This is a collection of 16 modern retellings of various Asian myths, legends and folklore.
Minor Trigger Warning: Unhealthy Relationships and Violence.

I give this book 3.5 stars (out of five). This book is 16 retellings of Asian myths and legends of many various cultures and places. Each retelling also has a section written by the author that explains the origins of their story and why they chose or wrote it the way they did. In this review I will be writing a short section for each retelling and will include some spoilers for each story. Overall I really liked this concept and I think it would be really interesting to see similar stories from other cultures and places. I also really like the title and I think it’s fitting for this book.
Disclaimer: For most of these stories I don’t have any background knowledge of the original stories going into it so these are my own interpretation and opinions.
- Forbidden Fruit By: Roshani Chokshi (Filipino)

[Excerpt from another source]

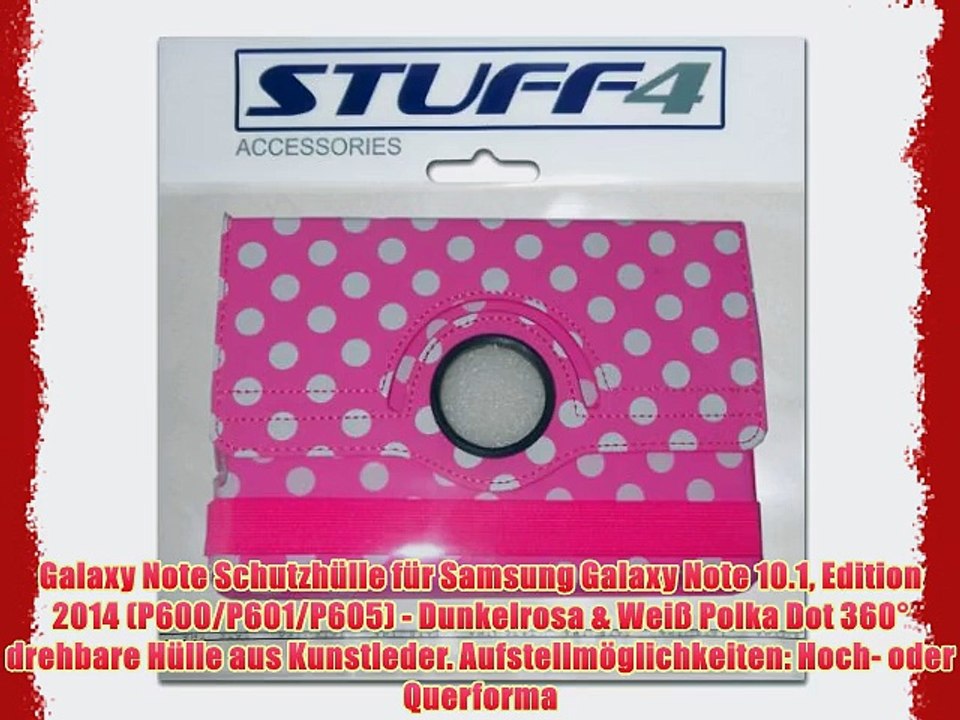 Galaxy Note Schutzh?lle f?r Samsung Galaxy Note 10.1 Edition 2014 (P600/P601/P605) - Dunkelrosa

This is a love story about a mountain goddess and a mortal man. People got jealous of him when they saw his blessings so they killed him before the two love interests were able to marry. She didn’t see him for a while but thought he left her for another woman so she swore to never give away her heart again. I found this to be a bit confusing at first, it was interesting but not very modern and felt like it could’ve been an original folklore story.
- Olivia’s Table By: Alyssa Wong (Chinese)
I loved this one! It had ghosts and causal non-hetersexual relationships which are great, especially in something based on mythology and folklore. I actually really liked this one and the relationship between the ghosts and the humans. It was interesting to see all the history behind the ghost’s lives. I also really liked the fact that this was based on Chinese-Americans because I don’t see a lot of that in media specifically about Asian culture and I think it’s really good to see as someone who is also half-asian living in a western country.
It’s about a girl whose mother used to cook food for the annual Ghost Festival and now it’s her job to keep it going. She shows some compassion to an often forgotten ghost and she has a bit of a flashback storyline with a female ghost who saved her from drowning as a kid, even though it cost her something major and at the end of the story she reunites with that ghost.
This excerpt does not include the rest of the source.